Y, al igual que a los discípulos, también a nosotros la Resurrección de Jesús nos estremece, porque nos hace pasar de la desesperación a la esperanza, de la oscuridad a la luz.
No es solamente una historia de algo que le sucedió a otros hace dos mil años, es algo que nos está sucediendo personalmente a nosotros, a ti y a mí, en nuestra situación concreta, particular, hoy y aquí.
Saber que Jesús vive, que el atroz sufrimiento que padeció no fue inútil, sino tuvo una razón, ilumina lo que nos toca sufrir a nosotros.
Saber que Su dolor no sólo fue un camino hacia la muerte sino sobre todo hacia la vida, ¡lo cambia todo!
Le da sentido a cuanto nos toca padecer, nos permite descubrir que nada tiene ya el poder de sumirnos en la tiniebla y devastarnos, porque el Resucitado se ha introducido en nuestra oscuridad y la ha vencido con Su luminosa presencia.
Y por eso si unimos nuestros sufrimientos a los Suyos, éstos adquieren sentido redentor; podemos asumirlos y ofrecerlos por amor.
Los discípulos no sólo lo comprendieron sino lo vivieron; por eso leemos, al final del Evangelio dominical, que Jesús les dijo: “Ustedes son testigos de esto” (Lc 24, 48).
Y ¡qué gran testimonio dieron! Toda la semana hemos leído en Misa cómo los jefes de su pueblo los amenazaron, encarcelaron y persiguieron, pero no lograron doblegarlos.
Claro.
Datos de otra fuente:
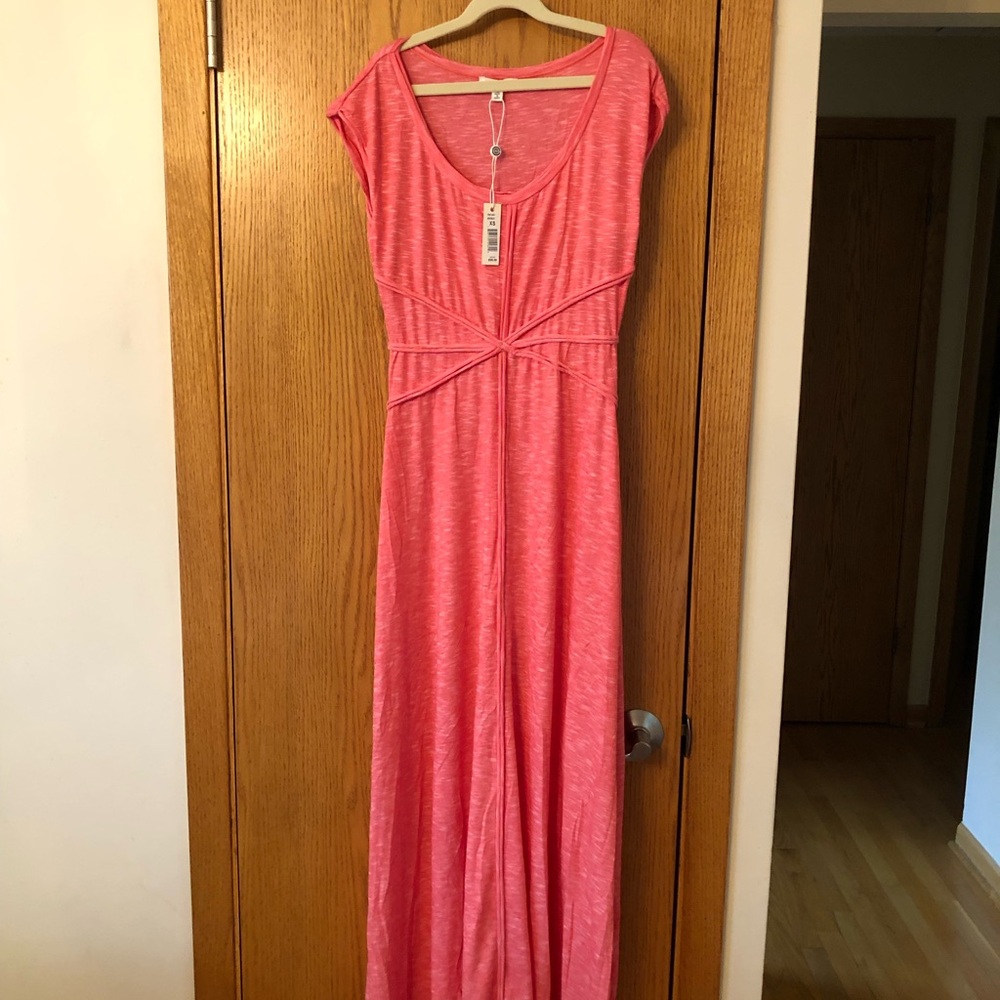 Max Studio Coral Pink Twist-Waist Maxi Dress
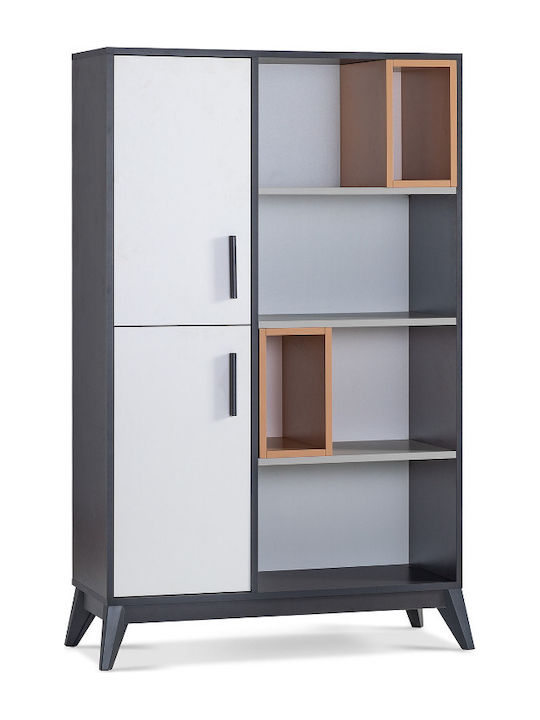 Breda Bibliotecă pardoseală Lemn Gri 97x37x157cm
Los apóstoles sabían, como sabemos hoy nosotros y por eso también estamos llamados a ser testigos, que, como dijo el Papa Benedicto, “el mal no puede tanto”.
Sabían que por negras que se vieran las cosas, no había nada que temer porque estaba a su lado, como está hoy, en medio de nosotros, Jesús Resucitado.